I could hear Them singing. How could I hear Them singing in vacuum? It wasn’t in my ears. It wasn’t even in my head. It sounded like wind blowing through impossibly loud chimes, somehow discordant and beautiful at the same time, a choir of off-key angels.

They/It was beautiful as well. From where I hung in space I could see Their spires rooted deep into the asteroid, towers of a bioluminescent, coral-like material. They looked like a huge and perfectly still, tranquil city. I hung in space, naked and whole, no machinery in me any more, watching Them/It.

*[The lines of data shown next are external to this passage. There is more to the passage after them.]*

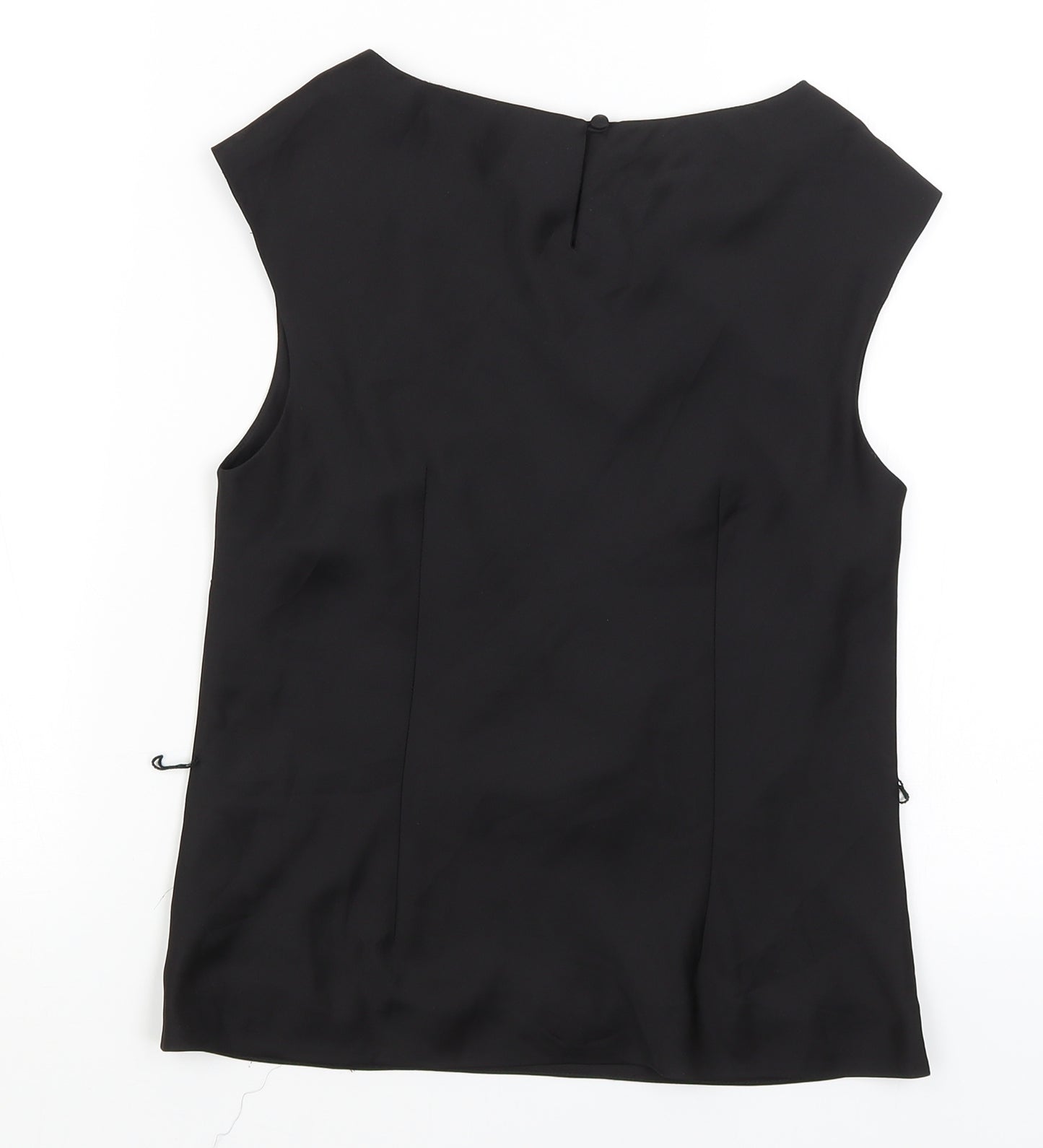 Coast Womens Black   Basic Tank Size 8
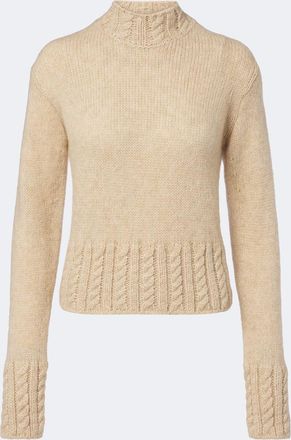 Moncler Pullover in misto alpaca e lana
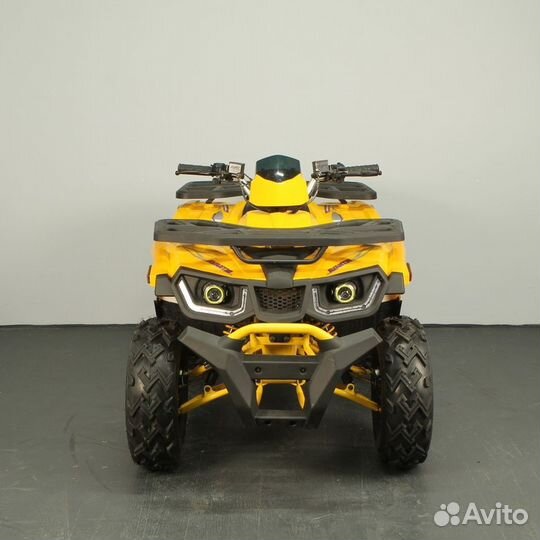 Квадроцикл Avantis Hunter 200 Big Basic желтый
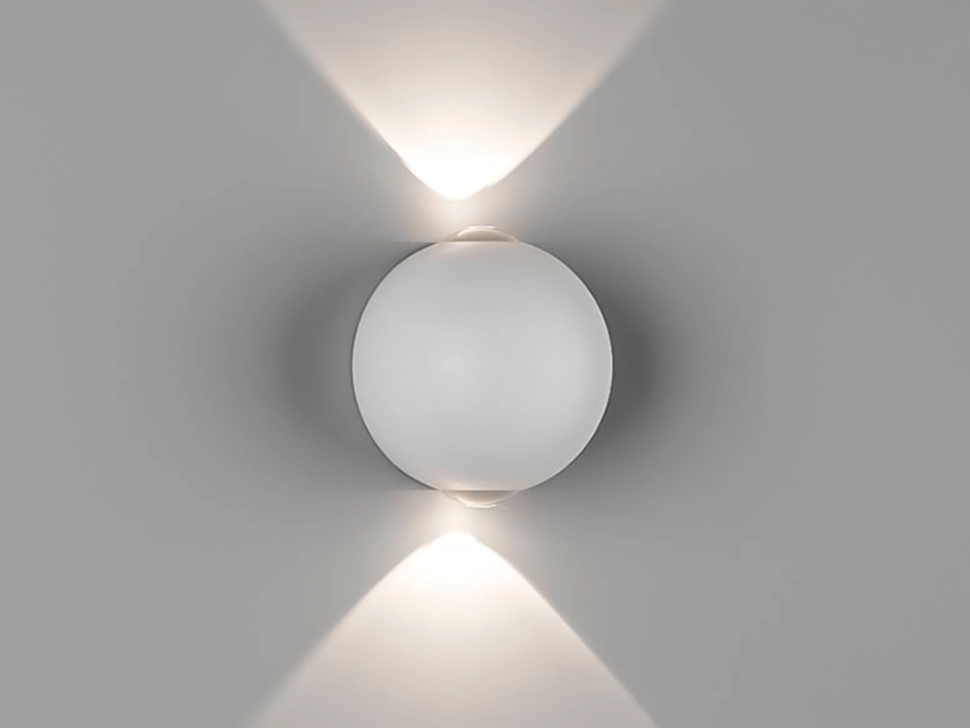  DesignLed Светильник настенный GW SFERA-SBL белый, 4000K, GW-A161-2-6-WH-NW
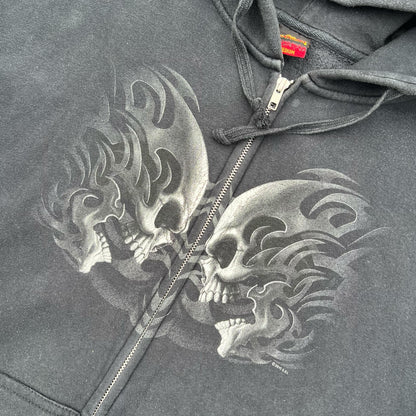 Skull Zip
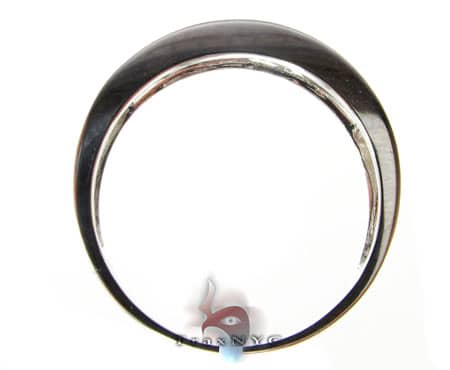 White Octostone Ring 8574 - Image 6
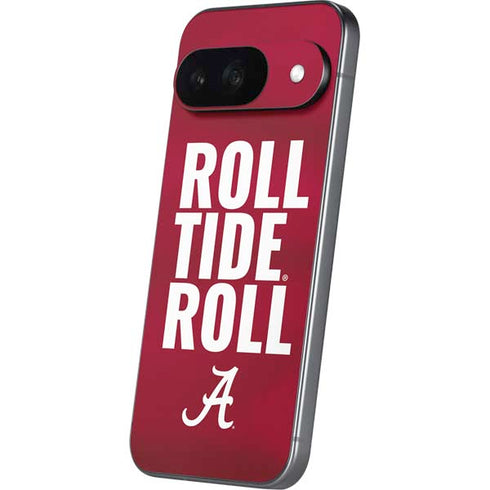 University of Alabama Roll Tide Roll Google Pixel 9 Skin
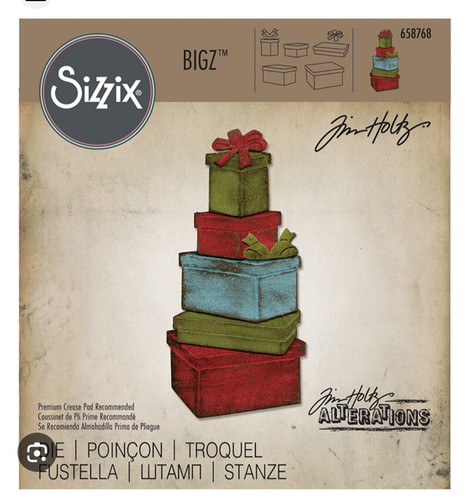 Sizzix bigz die - die, packages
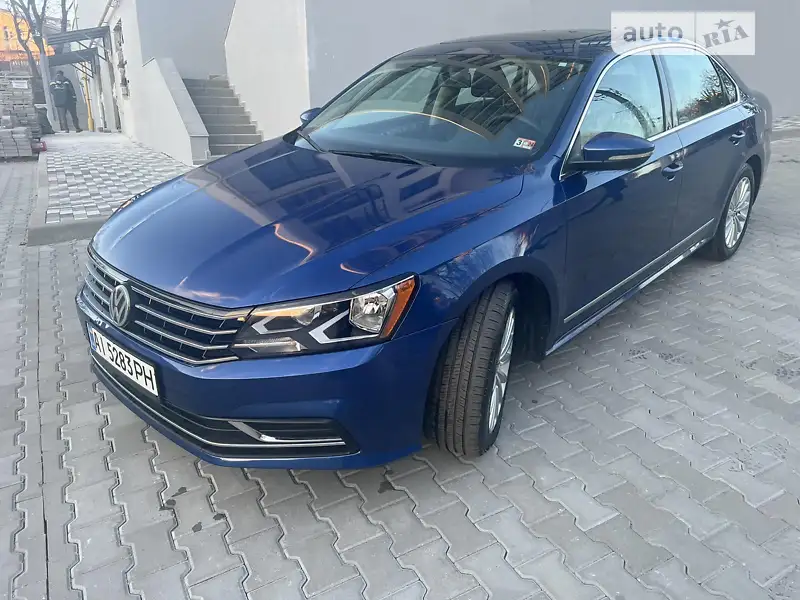 Volkswagen Passat 2016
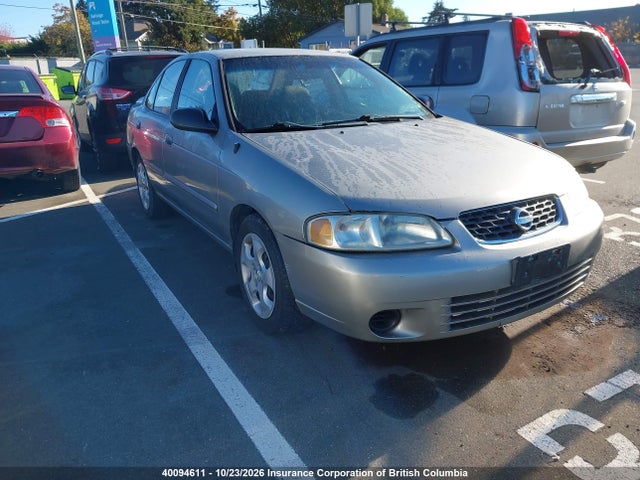 Продаж на аукціоні авто 2003 Nissan Sentra Xe/gxe, vin: 3N1CB51D43L696751, номер лоту: 40094611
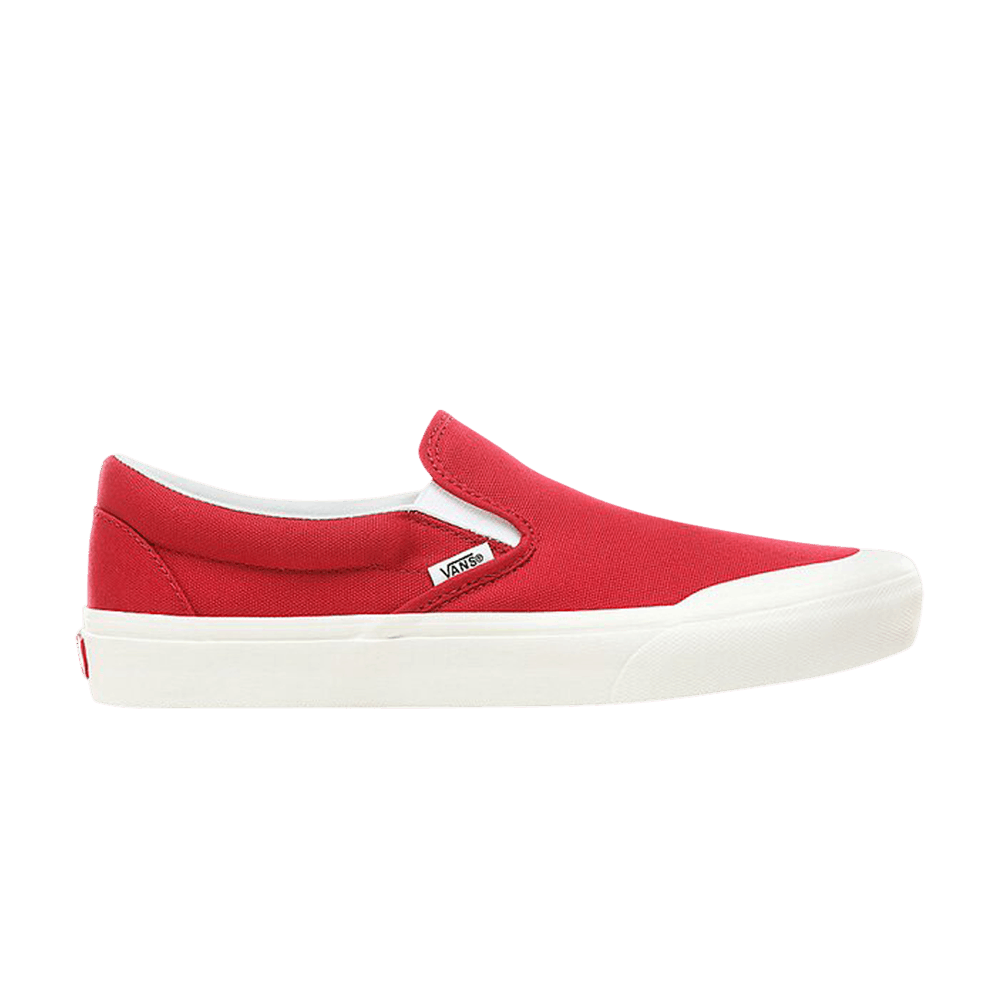 Vans Classic Slip-On 138 'Tango Red'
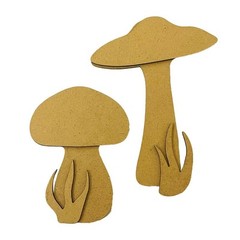 Stamperia Crafty Shapes – Hidden Grove Mushrooms, KLSM44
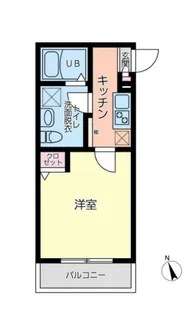 グリーンヒル本郷【3階】の間取り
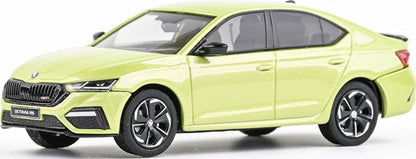 Available to Order – Skoda Octavia IV RS 2020 Pistachio Green Metallic 1:43 (ABR 143Z037QU)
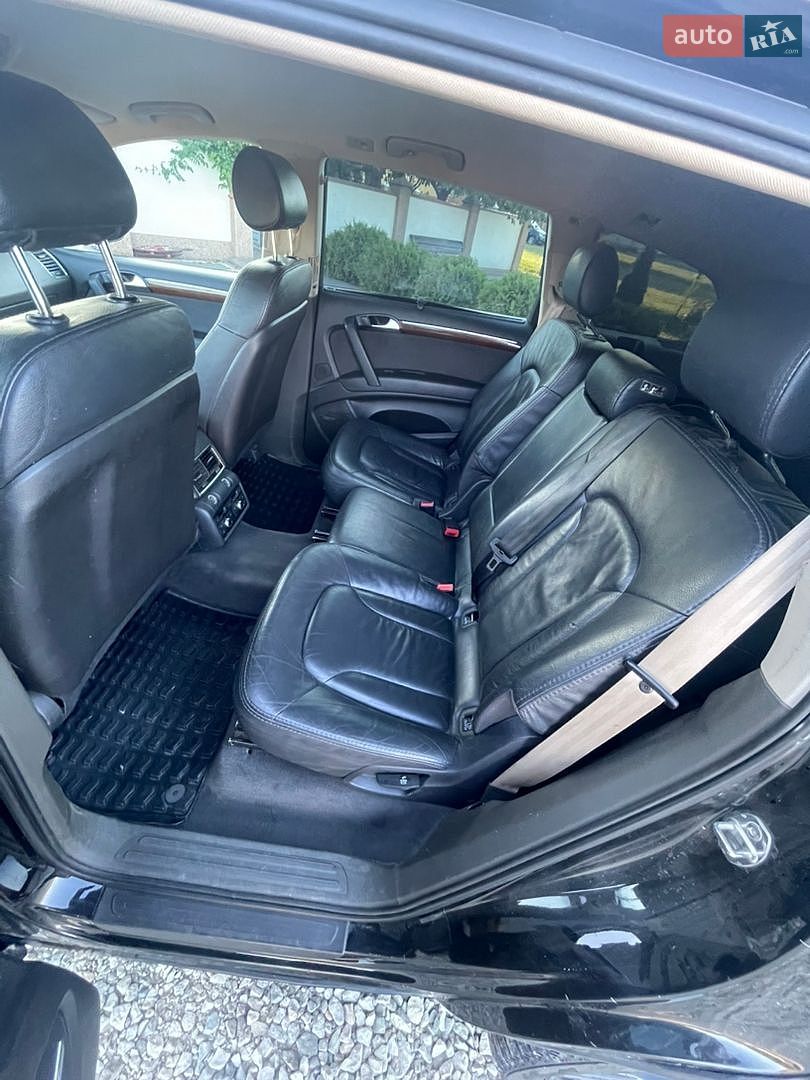 Audi Q7 2006 VIN WAUZZZ4L17D059810 фото оголошення 7 з 15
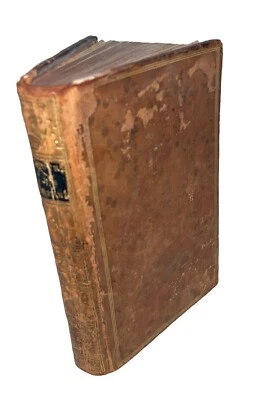 antique Oeuvres Completes de M. Bernard edition de Cezin French poems hardcover - Image 1 of 4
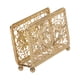 thumbnail image 3 of Servilletero de mesa, soporte para papel de seda, caja de pañuelos para sala de estar Dorado, 3 of 9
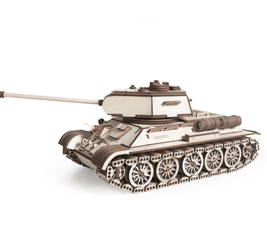 Конструктор Танк Т-34-85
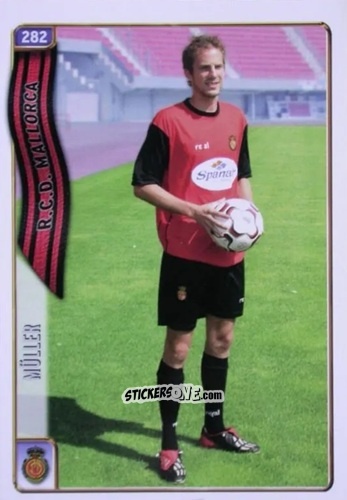 Figurina Müller - Las Fichas De La Liga 2004-2005 n. 282 - Mundicromo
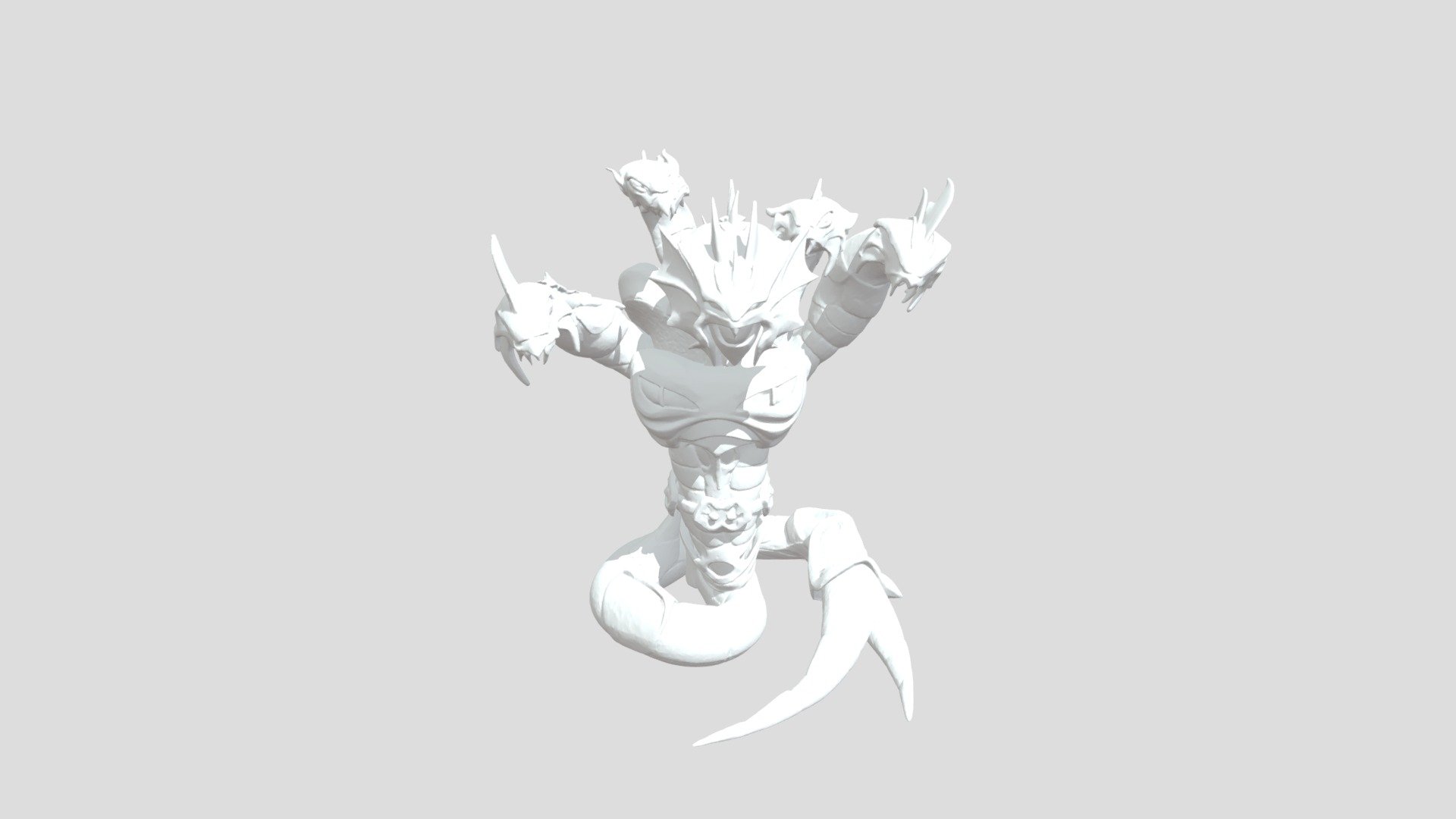 Hydra object - 3D model by cronozx77 [631bc8f] - Sketchfab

A whisper that came from deep within imparted to me that this was Them, that this was all They were. That this had been Their existence and They had been content because They had never known or wanted more.

I thought I could watch Them for ever and listen to Them for ever. Something at the back of my mind wondered how I could be in vacuum again and not be dying. I saw a flash image from a nightmare. Cold, so very cold, veins exploding, blood leaking around the plastic that filled my eye sockets. Gone again as I forced it down, a memory from another time, another life, and I just hung there and watched and listened.